Teano/San Giovanni Rotondo (di Nicolina Moretta) – E’ la domenica della Divina Misericordia – ricorrenza istituita da San Giovanni Paolo II –  ed è l’ora prima dell’alba quando un pullman di fedeli della diocesi di Teano/Calvi parte alla volta di San Giovanni Rotondo, capeggiati dalla guida di Ginetto Chiacchio. Dalla visita del 17 marzo 2018 di Papa Francesco a San Giovanni Rotondo, si è saputo dai mass media, che la salma di San Pio era stata trasferita dal suo santuario moderno (inaugurato nel 2004) alla vicina e antica chiesa di Santa Maria delle Grazie, ma arrivati sul luogo scopriamo che non è più così: la salma di Padre Pio è stata riportata al suo santuario a lui dedicato. Una struttura enorme e moderna, realizzata da Renzo Piano, mentre il sepolcro è stato creato dal padre gesuita croato Marko Rupnik. L’opera di stile contemporaneo è un mausoleo ricco di luce e di splendore, pieno del colore dell’oro e, forse per questo, non ha riscontrato il favore dei fedeli che sembrano preferire come dimora del riposo della salma di San Pio la chiesa di Santa Maria delle Grazie che possiede le forme più canoniche di chiesa nell’immaginario collettivo, ma anche perché è in questa chiesa che Padre Pio Celebrava e confessava. Il legame affettivo con la chiesa di Santa Maria delle Grazie i fedeli lo manifestano recandosi in visita all’antico sepolcro vuoto di San Pio, e scrivendo bigliettini con richieste di grazie per il Santo per poi lanciarli oltre l’inferriata protettiva della tomba vuota, ma commentano anche e dicono che questo luogo sacro induce particolarmente al raccoglimento. Allora ho chiesto a un frate cappuccino incontrato per caso:

  • Ma sarà contento San Pio di stare in una tomba tutta dorata?
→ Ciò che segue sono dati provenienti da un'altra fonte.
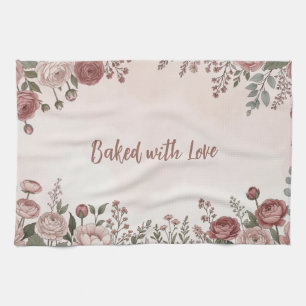 Blush Pink “Baked with Love” Kitchen Towel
  • Certo! Di oro ce n’è pochissimo, ma è un’opera d’arte, fatta da artisti famosissimi!
  • Ma poi, ogni tanto, viene spostato nella chiesa di Santa Maria delle Grazie?
  • Sì, quando c’è qualche cerimonia, ma poi lo spostiamo di nuovo.

Il cappuccino cammina veloce e si allontana da noi, mentre Ginetto con la sua aria di “scugnizzo partenopeo” commenta: Non gli fanno trovare pace nemmeno da morto con questi spostamenti ballerini!